THE INPUT:
<<<<
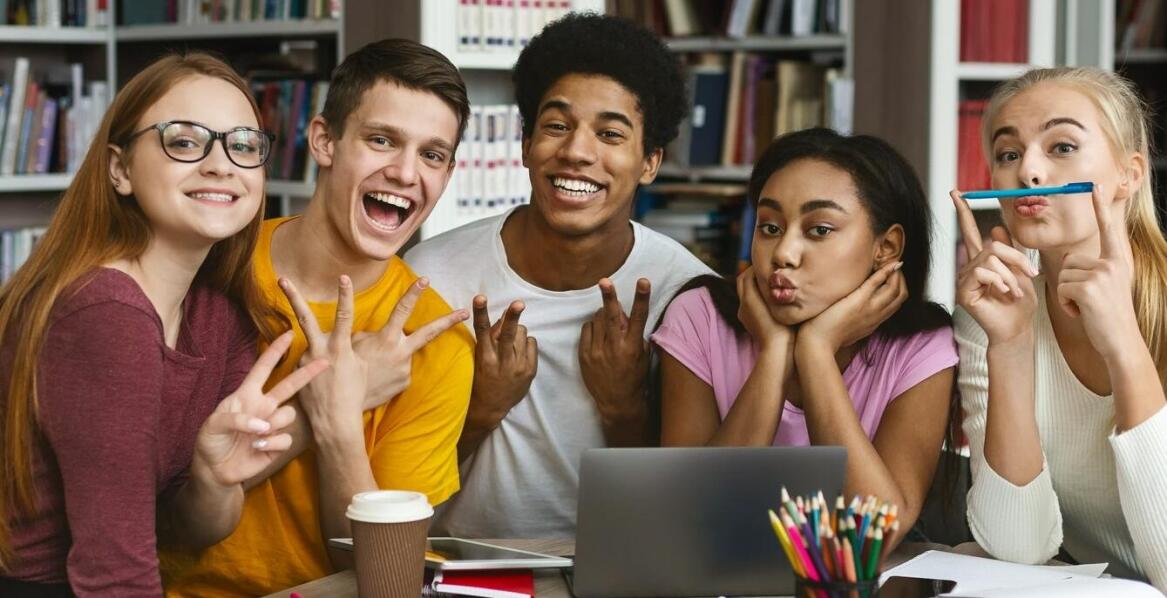 Booster packi do gier karcianych – jak urozmaicić rozgrywkę dla dorosłych?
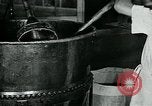 Standbild Chocolate Factory United States USA, 1921, aus Sekunde 7 historischem Filmmaterial Videoclip 65675035219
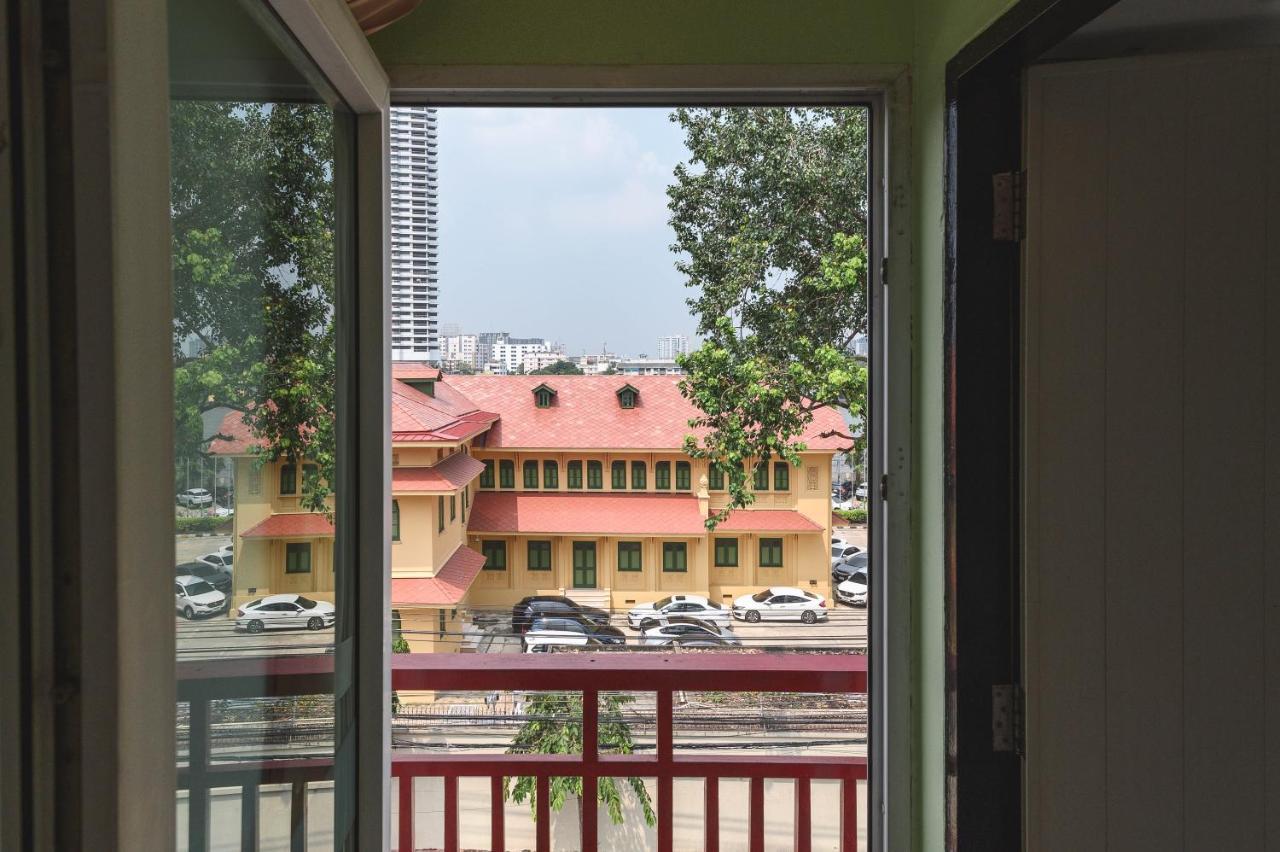 Happio Near Chabad House Hotel Bangkok Exterior foto
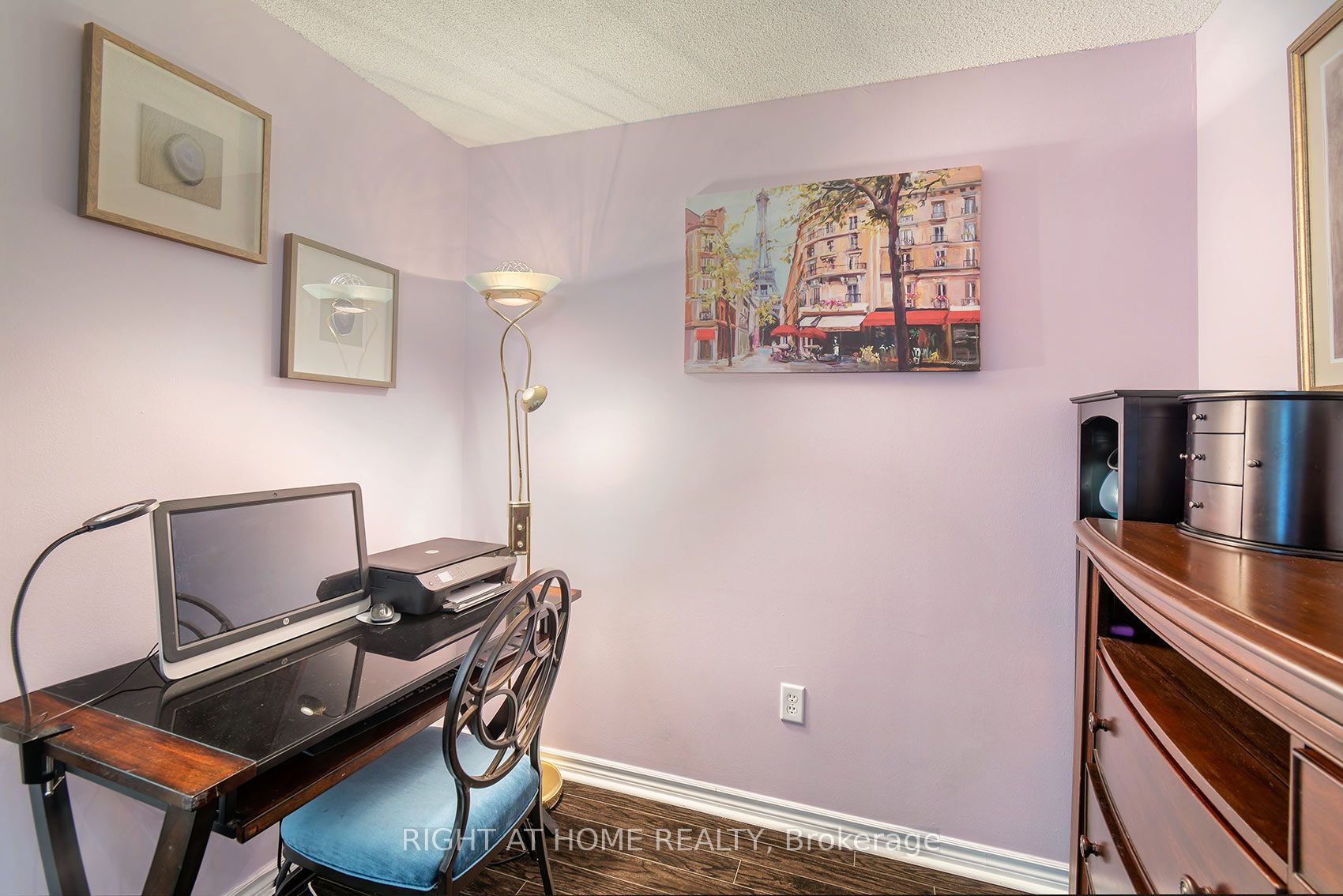 7 Lorraine Drive 210 Property Photo 26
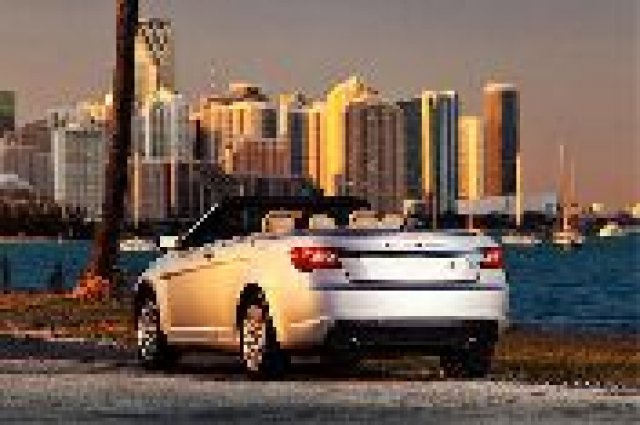 Ще има и открита версия на Chrysler 200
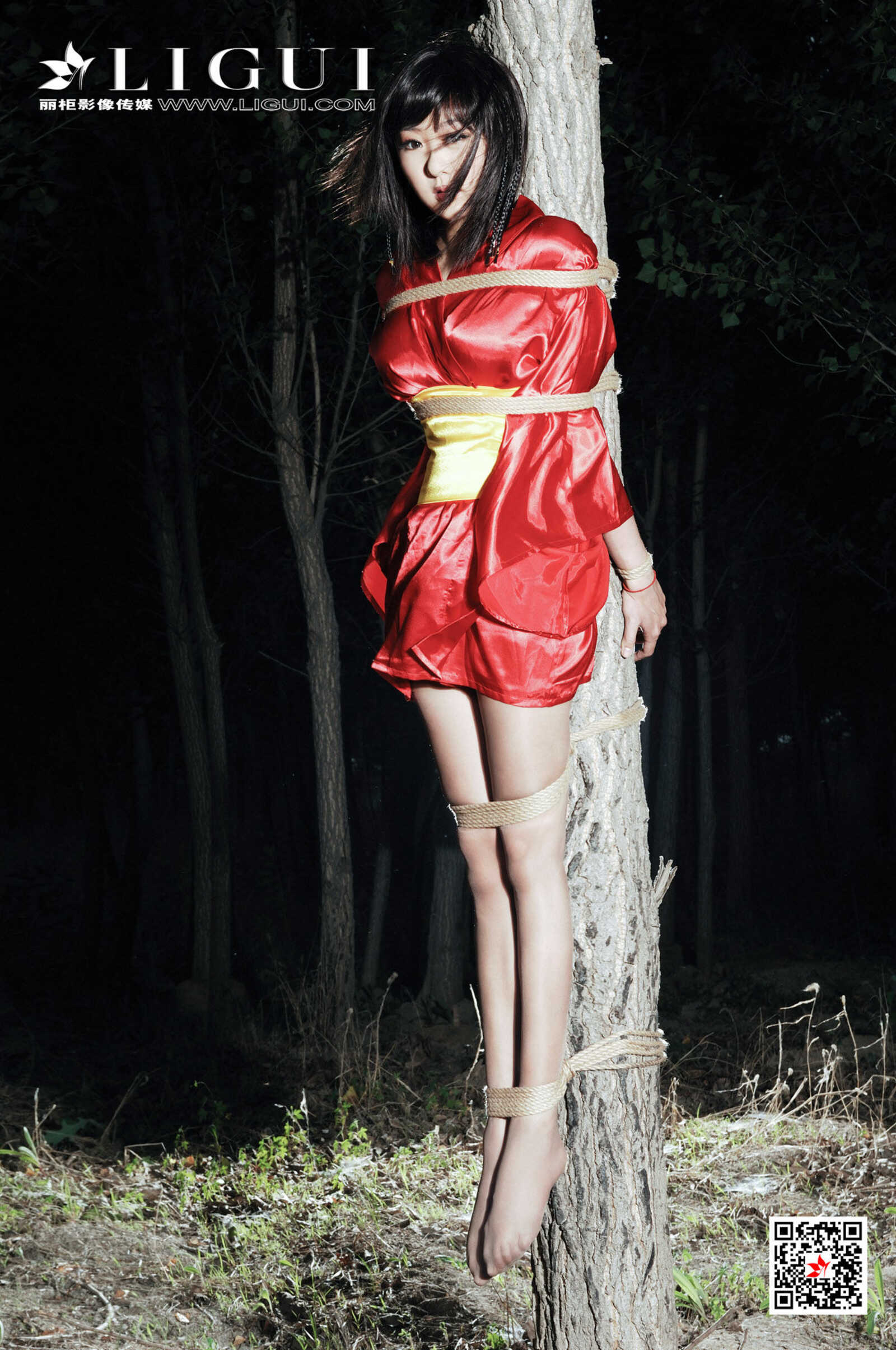 模特佩佩《黑夜美束》 [丽柜Ligui] 精品图集 写真第16张
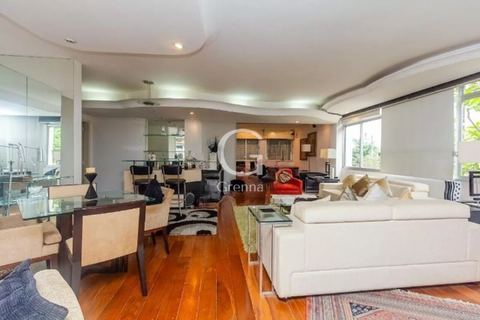 Apartamento à venda em Itaim Bibi, 180 m²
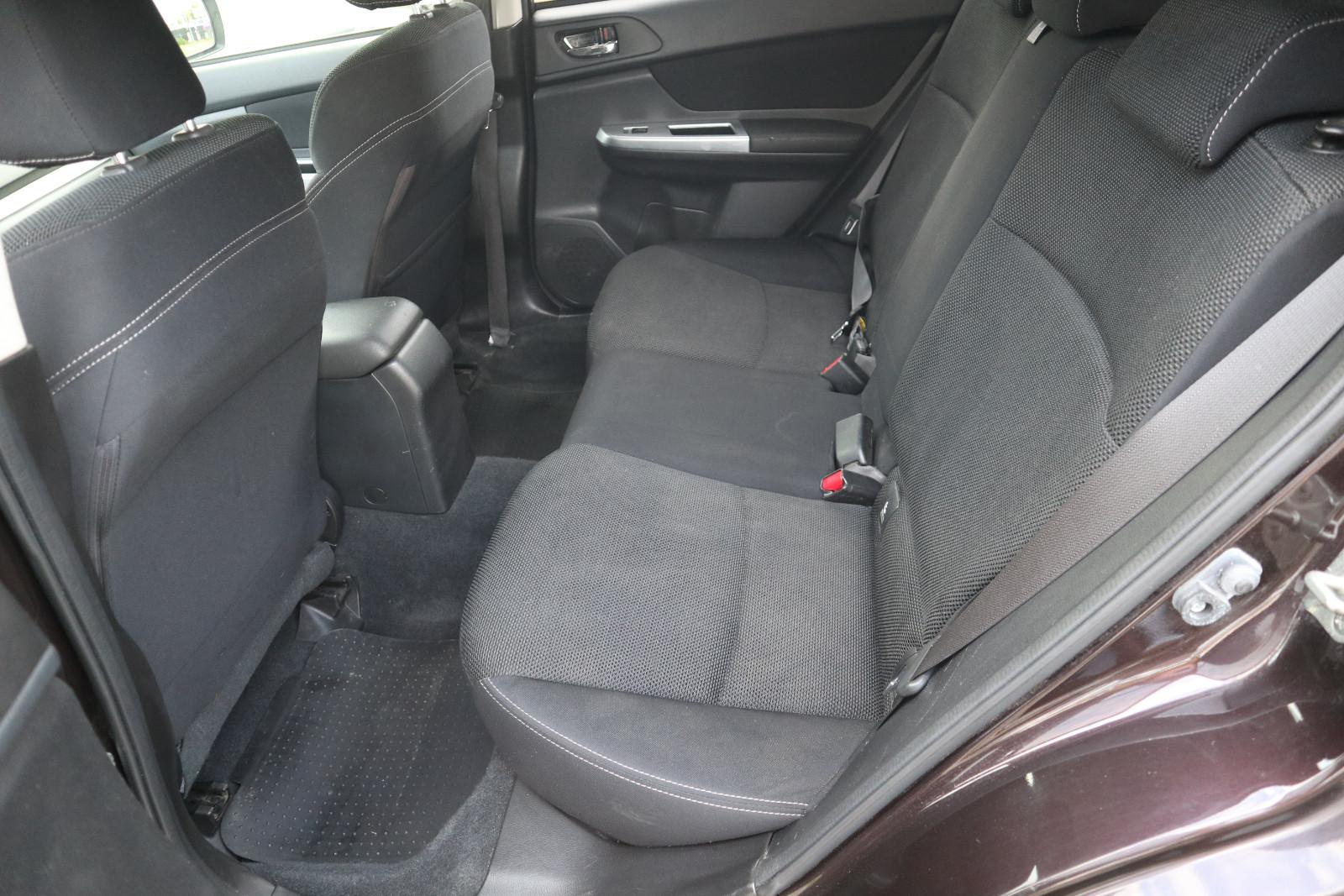 Subaru XV 2012 — photo 13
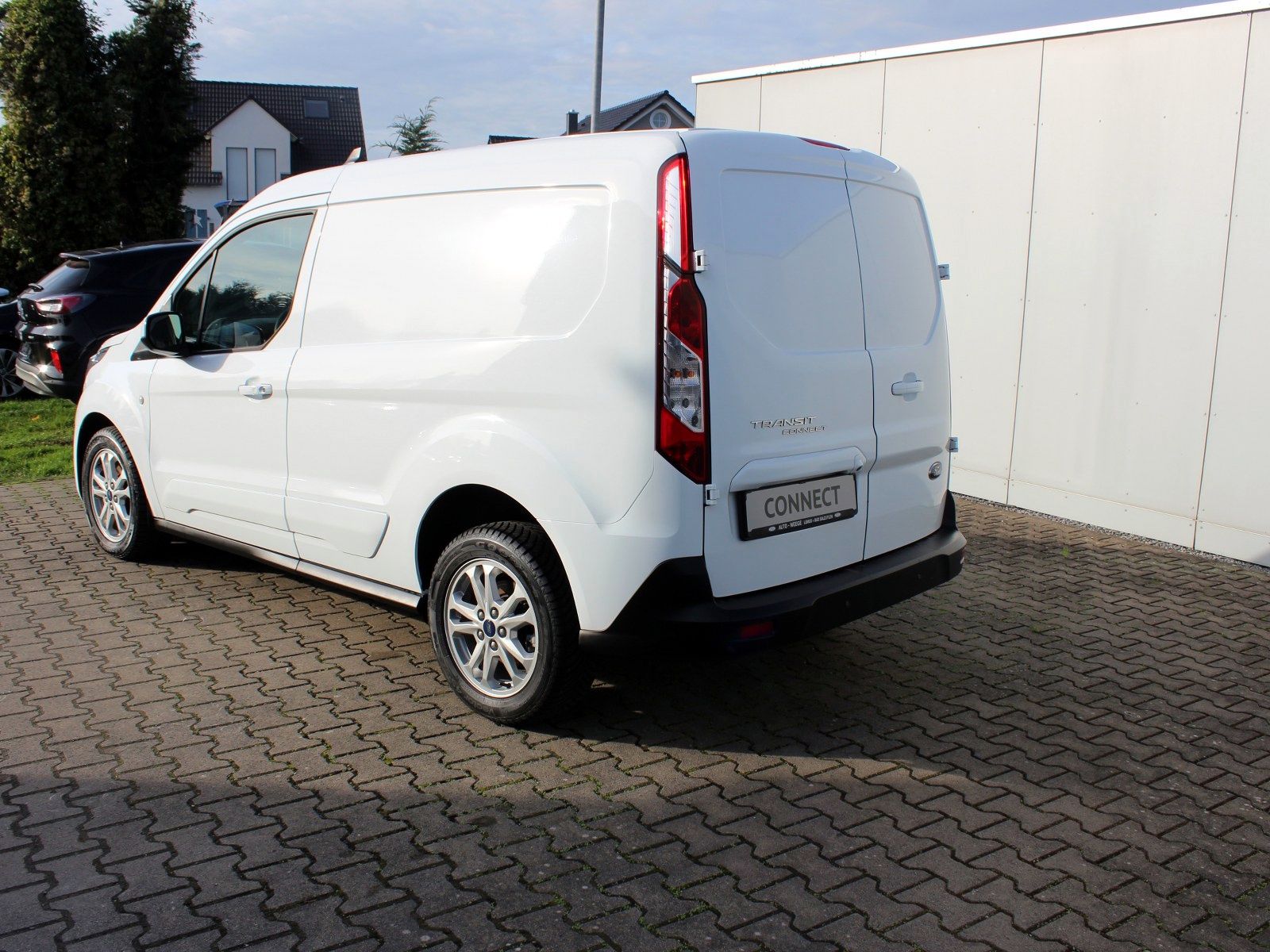 Fahrzeugabbildung Ford Transit Connect Kasten Limited 1,5 EcoBlue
>>>>
PROBLEM: The output has to match the data above line for line, except that pictures are dropped.

SOLUTION FOR THIS PROBLEM:
 Booster packi do gier karcianych – jak urozmaicić rozgrywkę dla dorosłych?
 Standbild Chocolate Factory United States USA, 1921, aus Sekunde 7 historischem Filmmaterial Videoclip 65675035219
 Happio Near Chabad House Hotel Bangkok Exterior foto
 7 Lorraine Drive 210 Property Photo 26
 Ще има и открита версия на Chrysler 200
 模特佩佩《黑夜美束》 [丽柜Ligui] 精品图集 写真第16张
 Apartamento à venda em Itaim Bibi, 180 m²
 Subaru XV 2012 — photo 13
 Fahrzeugabbildung Ford Transit Connect Kasten Limited 1,5 EcoBlue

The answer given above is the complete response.